Amid mounting concern about the ecological impacts of outdoor cannabis grows in California’s Emerald Triangle comes news of last week’s massive raid on the Yurok Indian Resolution in Humboldt Country.
The LA Times reports that California National Guard on July 21 joined more than a dozen other agencies to help Yurok tribal authorities uproot the grows. Tribal leaders say that grow ops have threatened the reservation’s water supply, harmed its salmon, and interfered with cultural ceremonies.
At the request of Yurok officials, officers served search warrants at several properties in and near the reservation along the Klamath River. Participating agencies in “Operation Yurok” included the Sheriff’s Drug Enforcement Unit, the North State Marijuana Investigation Team, the federal Bureau of Indian Affairs and Bureau of Land Management, as well as Yurok tribal police. Yurok Tribal Chairman Thomas O’Rourke joined officers at their staging area at a hillside fire station, where he complained bitterly of the growers. “They’re stealing millions and millions of gallons of water and it’s impacting our ecosystem,” O’Rourke said. “We can’t no longer make it into our dance places, our women and children can’t leave the road to gather. We can’t hunt.

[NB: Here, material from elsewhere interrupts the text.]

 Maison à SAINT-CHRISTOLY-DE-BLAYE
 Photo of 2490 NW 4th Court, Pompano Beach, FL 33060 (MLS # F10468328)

We can’t live the life we’ve lived for thousands of years.”
And while growers once “brought their fertilizer in in batches in the dark,” O’Rourke said dump trucks now enter the reservation with impunity in broad daylight, using heavy equipment to carve roads through tribal land. Yurok authorities said tens of thousands of plants would likely be eradicated in the operation, chipped on-site.
The nearby Hoopa Valley Indian Reservation has seen similar raids in recent years. North Coast ecologists increasingly warn of impacts on fish and wildlife in the region. And while groups like the Emerald Growers Association have been pushing for industry standards for eco-friendly cannabis, the media have been having a field day scapegoating marijuana growers for California’s drought.
Cannabis advocates argue that legalization is exactly what would bring public oversight to the cannabis biz, as to any other industry, and keep growers from having to hide out on remote tribal and federal lands. But meanwhile, such ugly practices are earning lots of very bad press for Northern California’s cannabis economy. If this question is not addressed forthrightly, it is going to cost legalization efforts potential allies among ecologists and Native Americans.